Sorry, this is kind of hard to type in computer language so bare with me. Pretend that "S" is the integral symbol.

Question:
Solve the indefinite integral: S sin^2(x/4)dx

Let x/4 = a
da/dx = 1/4
da = 1/4dx

S sin^2(x/4)dx
= 4 S sin^2(a)da

Is that the correct substitution and what am I supposed to do after that?

 

[soroban]

Hello, dagr8est!


With \(\displaystyle \sin^2\theta\) or \(\displaystyle \cos^2\theta\), we need these identities:

\(\displaystyle \L\;\;\;[1]\;\sin^2\theta \:=\:\frac{1\,-\,\cos2\theta}{2}\;\;\;\;\;[2]\;\cos^2\theta\:=\:\frac{1\,+\,2\cos\theta}{2}\)

\(\displaystyle \L\int \sin^2\left(\frac{x}{4}\right)\,dx\)

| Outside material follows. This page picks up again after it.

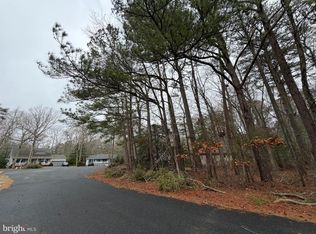 8 Sweet Gum Ln, Berlin, MD 21811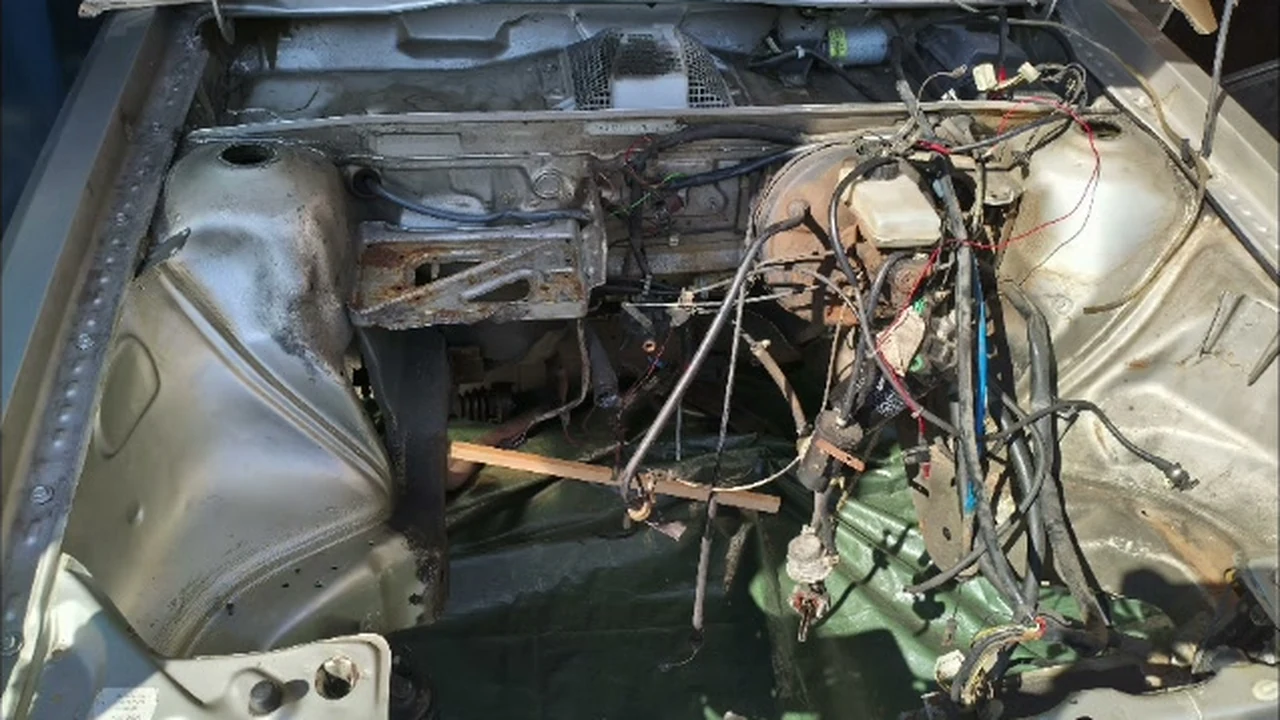 Gereinigter Motorraum eines Audi 80 B2 nach dem Trockeneisstrahlen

Using [1], we have: \(\displaystyle \L\:\frac{1}{2}\int\left[1\,-\,\cos\left(\frac{x}{2}\right)\right]\,dx \;=\;\frac{1}{2}\int dx \,-\,\frac{1}{2}\int\cos\left(\frac{x}{2}\right)\,dx\)

Then for the second integral, let \(\displaystyle \L\, u \,=\,\frac{x}{2}\)